**WHAT YOU ARE ASKED TO DO**
Please return only the lines from the one holding "Plafonnier encastré circulaire" through the one holding "A Chinese Ningxia 'dragon' rug", exactly as they appear in the records below, both ends included.

**EXERCISE INPUTS**
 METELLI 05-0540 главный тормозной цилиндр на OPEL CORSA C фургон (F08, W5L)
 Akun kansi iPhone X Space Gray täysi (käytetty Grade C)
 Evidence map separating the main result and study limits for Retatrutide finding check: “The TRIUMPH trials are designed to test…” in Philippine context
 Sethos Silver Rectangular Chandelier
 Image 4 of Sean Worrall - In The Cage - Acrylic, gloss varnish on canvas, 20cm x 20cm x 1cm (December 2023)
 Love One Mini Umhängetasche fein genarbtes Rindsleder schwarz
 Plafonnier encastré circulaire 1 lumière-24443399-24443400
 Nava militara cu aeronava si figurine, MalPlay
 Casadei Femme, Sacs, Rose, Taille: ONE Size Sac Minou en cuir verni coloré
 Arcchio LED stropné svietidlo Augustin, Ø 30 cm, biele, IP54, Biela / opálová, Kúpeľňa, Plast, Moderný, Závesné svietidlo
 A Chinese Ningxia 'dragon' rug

==

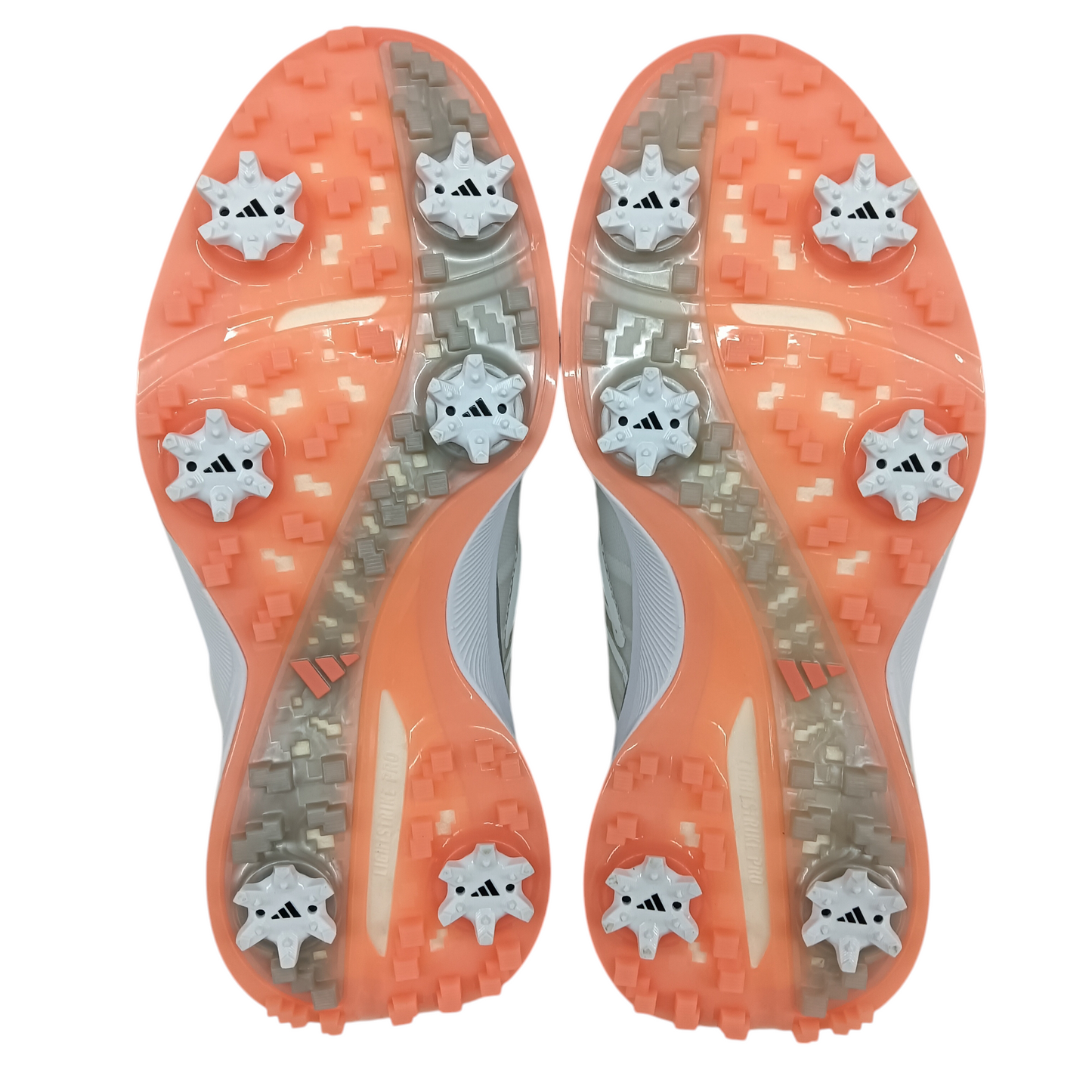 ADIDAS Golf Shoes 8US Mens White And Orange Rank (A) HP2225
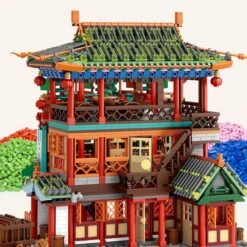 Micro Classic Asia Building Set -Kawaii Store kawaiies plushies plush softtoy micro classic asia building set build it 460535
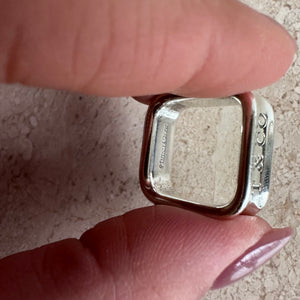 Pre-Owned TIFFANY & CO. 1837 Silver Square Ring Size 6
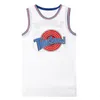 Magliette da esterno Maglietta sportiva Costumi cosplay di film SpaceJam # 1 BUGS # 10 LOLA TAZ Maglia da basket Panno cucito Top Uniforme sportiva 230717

**TASK RESULT**
 Plafonnier encastré circulaire 1 lumière-24443399-24443400
 Nava militara cu aeronava si figurine, MalPlay
 Casadei Femme, Sacs, Rose, Taille: ONE Size Sac Minou en cuir verni coloré
 Arcchio LED stropné svietidlo Augustin, Ø 30 cm, biele, IP54, Biela / opálová, Kúpeľňa, Plast, Moderný, Závesné svietidlo
 A Chinese Ningxia 'dragon' rug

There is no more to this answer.